In den "guten alten Tagen", vor über 20 Jahren, das zeichneten sich die (deutschen) "Grünen" vor anderen Parteien durch zwei Dinge aus: keiner Partei war so alarmistisch - und keine so harmoniesüchtig. Letzteres stand in einem gewissen Kontrast zu den innerparteilichen Konflikten, die aber, so sah ich es jedenfalls, das Bedürfnis nach Liebe, Freundschaft und Harmonie noch befeuerten.

Irgendwann in den 90ern muss das Streben nach Harmonie in Konfliktscheu umgekippt sein. Es war meiner Ansicht nach eher die Scheu vor der Auseinandersetzung mit dem Koalitionspartner SPD, als der Opportunismus und der Machtinstinkt Joschka Fischers, der zum Bruch mit der pazifistischen Tradition der "Grünen" führte - und zur Zustimmung zu Auslandseinsätzen der Bundeswehr. Konfliktscheu ist alles andere als Friedensliebe.
Hingegen würde der einstige Alarmismus der "Grünen" mittlerweile gemäßigt wirken, denn seit gut 10 Jahren wird Politik in Deutschland vorzugsweise mit Schreckensszenarien gemacht - mit tatkräftiger Hilfe der Medien. Wobei es keineswegs die größten Gefahren sind, die am meisten Alarmstimmung hervorrufen - eher umgekehrt: seit Jahren gab es keinen Terroranschlag in Deutschland, von einen "Millardengeschäft mit Kinderpornographie im Internet" kann keine Rede sein, die Kriminalitätsrate ist niedriger als in den 90ern, die "demographischen Zwänge" einer "alternden Gesellschaft" sind beim näheren Hinsehen gar nicht so zwangsläufig, wie es gern dargestellt wird, und vieles mehr. Dass andere, reale, Probleme unter den Teppich gekehrt werden, gehört zur Stimmungsmache dazu. In manchen Fällen scheint der Alarmismus sogar dazu da zu sein, von den realen Problemen abzulenken - besonders durchsichtiges Beispiel: angeblich "immer gewaltätiger" werdenden Linksextremisten gegen tatsächlich immer gewalttätig gebliebene Rechtsextremisten.

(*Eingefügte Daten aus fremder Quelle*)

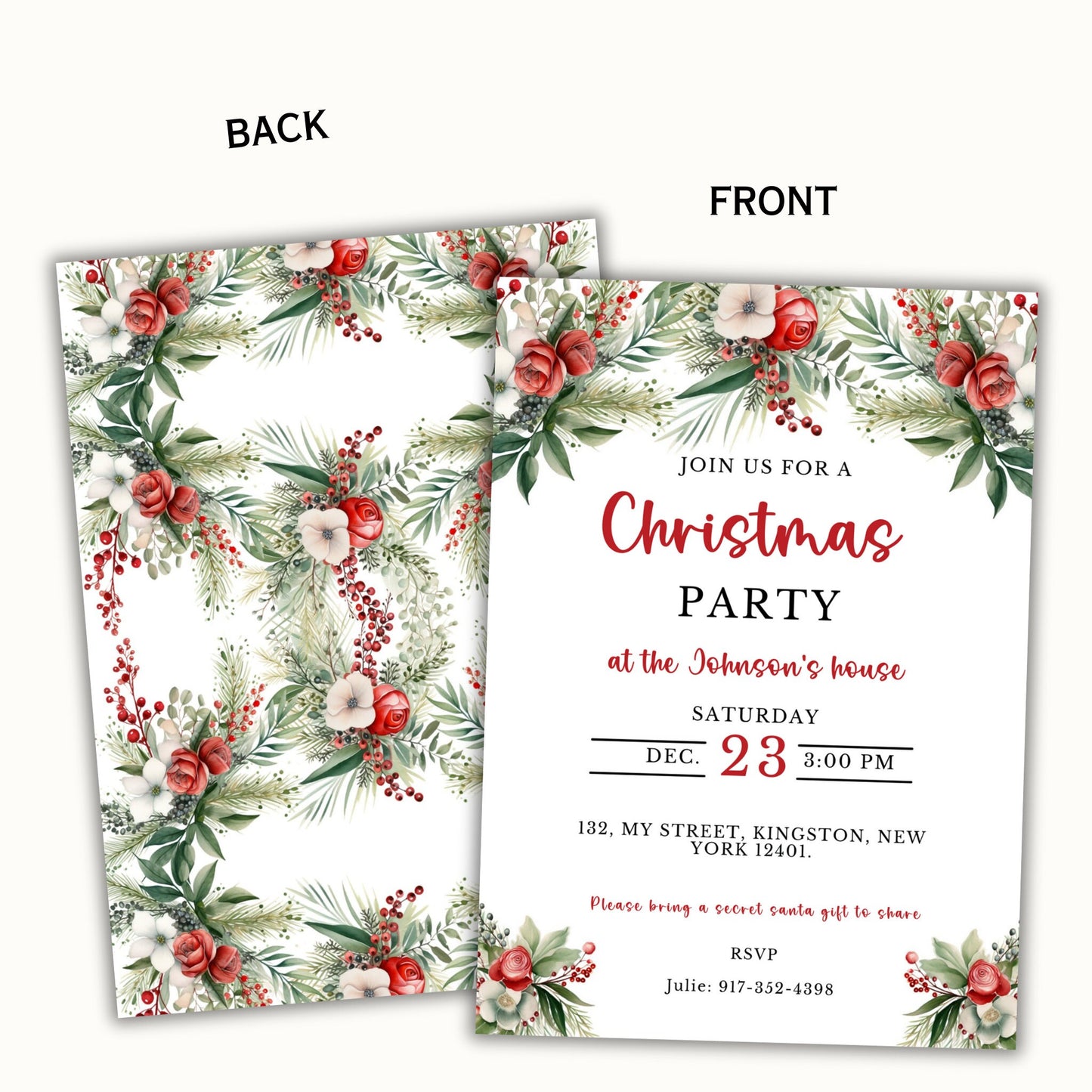 Editable Floral Christmas Party Invitation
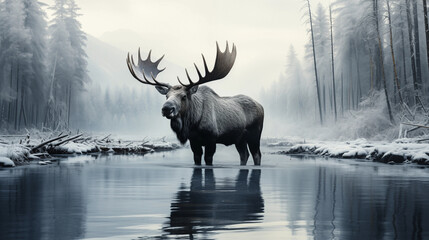 Big male Bull red deer in deep moose coniferous forest in rays of sunset - obrazy, fototapety, plakaty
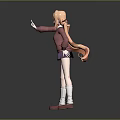 Anime Female Character With Twin Tails Red Coat Purple Skirt White Stockings And Red Shoes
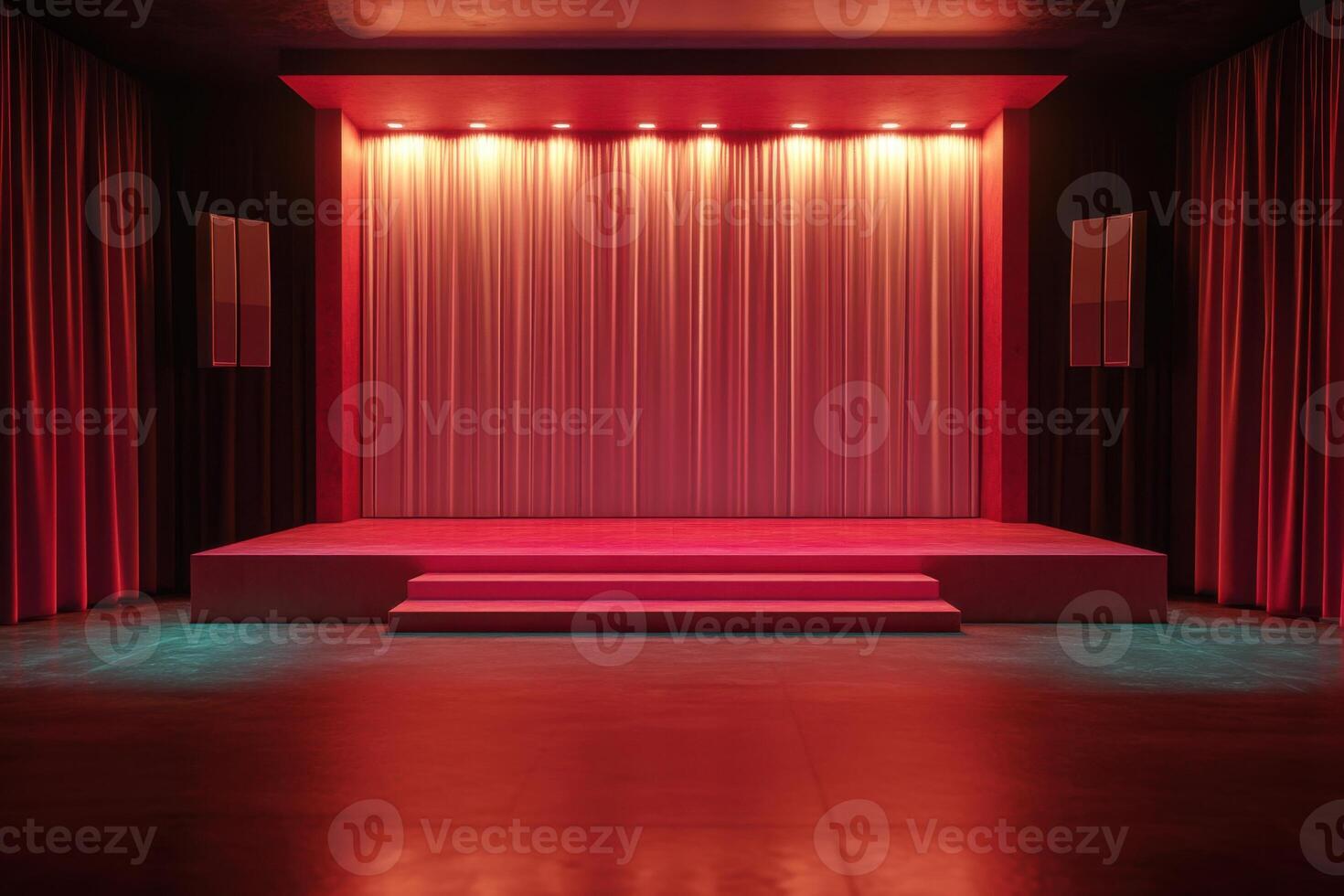 a stage with red curtains and a spotlight photo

Im Moment sind die "Grünen" wieder im politischen Aufwind - was, angesichts der Tatsache, dass die Bundesregierung ohne Not das längst "gegessene" Thema "Restlaufzeiten von Kernkraftwerken" reaktivierte - einschließlich "Erkundungen" im Salzstock von Gorleben. Damit reaktivierte sie auch die Anti-Atom-Proteste - von denen die "Grünen" stark profitierten. Fast ohne schrillen Alarmismus übrigens - die Wirklichkeit der merkelschen "Energierevolution" macht Horrorszenarien weitgehend überflüssig.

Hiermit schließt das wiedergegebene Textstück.